The limit of detection for all metabolites was 0.1 ng mL−1. For the two secondary efficacy variables (i.e., NPRS pain score and use of breakthrough medication), the Hochberg method [24] was used to test the global hypothesis for a treatment effect on pain [25]. The daily pain NPRS score was calculated as the mean of all the daily assessments. The change in mean NPRS pain scores from baseline (all days in run-in period) to the end of treatment was analysed using analysis of covariance (ANCOVA), with baseline pain as a covariate and grouped study and treatment as factors [26]. The proportions of responders (patients with ≥ 30% improvement from baseline to end of study NPRS and BPI-SF pain scores) was compared.

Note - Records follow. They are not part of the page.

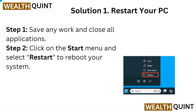Solution 1: Restart your PC. Step 1: Save any work and close all applications. Step 2: Click on the start menu and select restart to reboot your system.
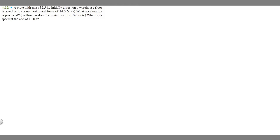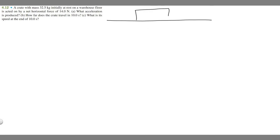So let's draw what's going on here. We have this floor and we've got this box on it. We know the mass of the box is 32.5 kilograms, and it's going to have a net horizontal force of 14 newtons pushing on the box.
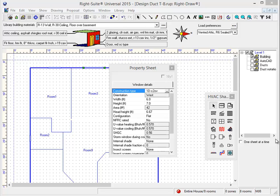In this video, we're going to have a look at some of the new features and improvements in RiteSuite Universal's version 2015.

Use of breakthrough medication (during treatment) was recorded. In addition, the change from baseline in mean number of doses of escape medication was analysed using ANCOVA. The EORTC-QLQ-30 was scored according to its scoring manual [27], and differences over time explored using ANOVA. All analyses were conducted in Stata MP V16 for Mac (StataCorp, Texas Station, US).
  1. | Results
  2. | Patient Demographics
Patient demographics and clinical characteristics for both phases of the trial are presented in Table 1. In Stage I there was a predominance of women. The mean age was 65 years, and patients had controlled pain. There was a range of tumor types. In Stage II there was a predominance of women and the median age was 56 years. Again, there was a wide range of tumor types and sites of metastases, however 8 patients (32%) had bone metastases causing pain. There was also a mixture of different types of pain, including patients with multiple types of pain. The most common types of pain, bone origin [8] and neuropathic (11) (Table 1).